Date: Thu, 27 May 2004 08:06:01 -0400
In-Reply-To: <007101c44272$b6f2ffe0$542f9618@hala1.on.cogeco.ca>
Francis Fox's book Sweet Land of Liberty contains interesting details about
Isaac Klinkerfuss which are not readily available elsewhere, so I am
submitting this information to the list. Fox's source of the information
include three depositions given by Isaac Klinkerfuss, Valentine Beidleman,
and Abraham Haynze (Haines) to Robert Levers in March 1782. The depositions
are part of the Records of Pennsylvania's Revolutionary Governments,
1775-1790, record group 27, roll 19, frames 607, 609, and 613, microfilmed
by the PA Historical and Museum Commission, Harrisburg, PA. Other relavant
frames with correspondence about Klinkerfuss are 605 and 629; correspondence
of Dr. Ledlie to the Board of War appears in the PA Archives, 1st series, v.
9, p. 527. The Historical Society of PA in Philadelphia has Levers' letter
of Apr. 19, 1782, to President Moore.
Klinkerfuss deserted before the German prisoners left Boston for
Virginia; he went into Boston and found work. In May 1779, his employer
recommended Isaac to American General William Heath, who gave Isaac a safe
conduct pass. Unfortunately, Klinkerfuss lost the pass, and he moved 8
miles out of Boston, where he worked briefly, before heading south 300 miles
to Mansfield, NJ, a village just south of Trenton. The trip took 2 months.
However, Isaac had difficulty finding work, so he moved north to
Phillipsburg, NJ, on the Delaware River. He found work with Valentine
Beidleman, at his mill, from August to October 1779. Then he worked for
Beidleman's neighbor Abraham Haines for almost a year. During this time
Isaac met a girl from a neighboring farm and proposed.
At this time Isaac came to the attention of Dr. Andrew Ledlie of
Easton, PA, who was the District Commissioner of Prisoners. [Fox describes
Ledlie as a "patriot whose participation in the Revolution appears to have
been motivated by nothing more than a desire to feather their own nests ...
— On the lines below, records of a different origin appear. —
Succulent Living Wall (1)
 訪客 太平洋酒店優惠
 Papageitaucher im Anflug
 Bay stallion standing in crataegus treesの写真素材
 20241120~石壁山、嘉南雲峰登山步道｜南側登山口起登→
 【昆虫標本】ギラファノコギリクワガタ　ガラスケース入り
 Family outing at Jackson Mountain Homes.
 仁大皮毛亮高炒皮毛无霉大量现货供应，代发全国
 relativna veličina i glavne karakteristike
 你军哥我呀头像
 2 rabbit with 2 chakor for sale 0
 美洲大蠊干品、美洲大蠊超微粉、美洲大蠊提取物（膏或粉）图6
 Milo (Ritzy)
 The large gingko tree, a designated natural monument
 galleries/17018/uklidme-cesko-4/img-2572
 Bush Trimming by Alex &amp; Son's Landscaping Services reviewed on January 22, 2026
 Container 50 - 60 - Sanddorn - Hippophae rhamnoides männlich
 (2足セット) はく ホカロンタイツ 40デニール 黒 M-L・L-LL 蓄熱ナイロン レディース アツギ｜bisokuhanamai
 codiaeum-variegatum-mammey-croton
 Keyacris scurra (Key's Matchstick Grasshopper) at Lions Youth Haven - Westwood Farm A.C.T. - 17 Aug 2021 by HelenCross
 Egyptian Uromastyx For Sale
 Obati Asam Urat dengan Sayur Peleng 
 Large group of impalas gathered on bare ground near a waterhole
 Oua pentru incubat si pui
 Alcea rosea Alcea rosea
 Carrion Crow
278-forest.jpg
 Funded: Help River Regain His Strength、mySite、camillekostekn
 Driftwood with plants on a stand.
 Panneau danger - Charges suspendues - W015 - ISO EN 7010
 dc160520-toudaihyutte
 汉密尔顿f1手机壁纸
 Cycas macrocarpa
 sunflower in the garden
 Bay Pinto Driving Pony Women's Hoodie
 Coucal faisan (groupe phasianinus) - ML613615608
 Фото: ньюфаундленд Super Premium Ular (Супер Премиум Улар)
Despite the highfalutin title, this post ranked low on the scale of
appointments; nonetheless, conniving and malicious incumbents could case
much mischief."] Since Isaac's name did not appear on the list of
parolees, Ledlie concluded that he was a deserter and decided to bring him
to justice.
Ledlie decreed that since Klinkerfuss had no papers, he must post
security or go to jail. Isaac had no security to offer, so he landed in
Easton jail. Haines, Beidleman, and a third New Jersey neighbor went to
Easton and posted 3,000 pounds Continental money as bond to secure Isaac's
release.
Klinkerfuss married in the fall of 1780 and by spring 1781 his wife was
pregnant. Ledlie dvised Klinkerfuss that he could be free if he paid Ledlie
a sum of money. Isaac's friends advised him not to pay the bribe. When
Ledlie learned that Isaac was a mason by trade, he demanded that Klinkerfuss
come to Easton and work for him. At this point, Klinkerfuss obtained a loan
from his friends to pay Ledlie's bribe, but Ledlie refused the money,
telling him that now it was either work for him or go to jail. Klinkerfuss
spent the month of November 1781 working for Ledlie. Before Christmas 1781
the doctor informed Isaac's father-in-law that Klinkerfuss had to quarry 300
or 400 loads of stone for him. Isaac demanded that he be paid for this
work, and the doctor informed Isaac that he was revoking his bond and that
he was returning him to jail (Feb. 1782).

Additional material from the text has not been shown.